DART payment system offers Metro Detroit bus riders smoother, cheaper service

James David Dickson
The Detroit News
There are four DART passes riders can buy, and eight payment options, based on whether the rider is paying full or reduced fare.

Detroit — Demetrius Rogers 42, has been a Detroit Department of Transportation bus driver for the past year-and-a-half. But over the past two months, he said, it's been a smoother ride, as a new payment system has eliminated much of the confusion bus riders face at the fare box.

This time last year, a DDOT bus rider faced about 30 different payment options. But since May 1, with the creation of the DART payment system to facilitate easier transfers between DDOT and its suburban Detroit counterpart, SMART, that's been cut down to eight. 

"We don't have to interact as much (at the fare box) as before," said Rogers, 42, who'd just arrived downtown on the inbound No. 16 Dexter route, which travels Detroit's west side. "It's much quicker. There's less confusion. That makes it better for everybody."

And cheaper.

Prior to May 1, a DDOT rider transferring to SMART would not only have to pay a $.50 fee, to bring the DDOT fee ($1.50) up to the SMART price ($2), but they'd have to pay an additional $.25 transfer fee. 

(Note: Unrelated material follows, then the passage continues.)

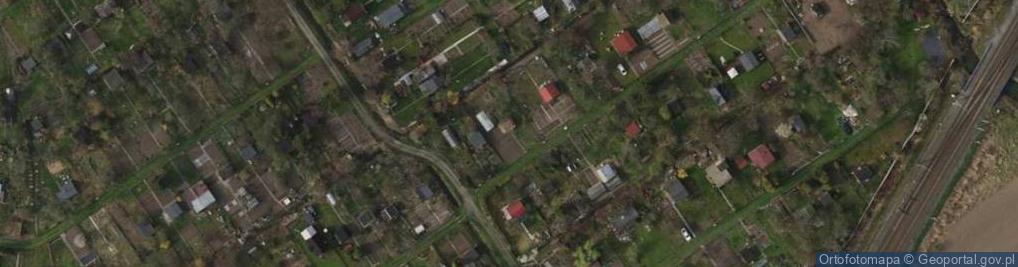 Zdjęcie satelitarne Ogródki Działkowe im. St. Wyspiańskiego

While DDOT's base fare has gone up to $2, DART eliminates not only the transfer fee, but it allows a rider unlimited transfers between the system, as well as the ability to take the route inbound or outbound without paying again.

There are four DART passes riders can buy, and eight payment options, based on whether the rider is paying full or reduced fare: 4-hour ($2/.$50 for reduced fare), 24-hour ($5/$2), 7-day ($22/$10), and 31-day ($70/$29).

This time last year, a DDOT bus rider faced about 30 different payment options. But since May 1, with the creation of the DART payment system to facilitate easier transfers between DDOT and its suburban Detroit counterpart, SMART, that's been cut down to eight.

Dwight Jones, 47, of Highland Park, sprang for the 31-day pass. With a commute that takes him south down Woodward Avenue, then to Michigan Avenue, then to Metro Airport in Romulus, Jones finds himself transferring between the systems regularly.

"I use the bus for everything," Jones said. "That's how I use, public transportation."

He gave up his car in 2015, he said, not wanting to risk driving on a suspended license. He's still a few hundred dollars away from getting that buttoned up. Until then he'll continue riding the bus. DART has simplified matters, he said. 

"I'm not going to take a chance, especially going into the suburbs," Jones said.

Jones' two-leg commute, down Woodward to get downtown, then west to get to the airport, has gotten easier in recent months, as SMART has introduced FAST bus service on three Detroit thoroughfares: Michigan Avenue on the west side, Gratiot on the east, and Woodward, the city's east-west dividing line. 

If he has the choice, Jones said he'd rather take a FAST bus down Woodward than the No. 53 Woodward route, as he finds the service to be "cleaner and much more reliable." FAST routes also don't make nearly as many stops as city busses, allowing more of a straight-shot commuter experience.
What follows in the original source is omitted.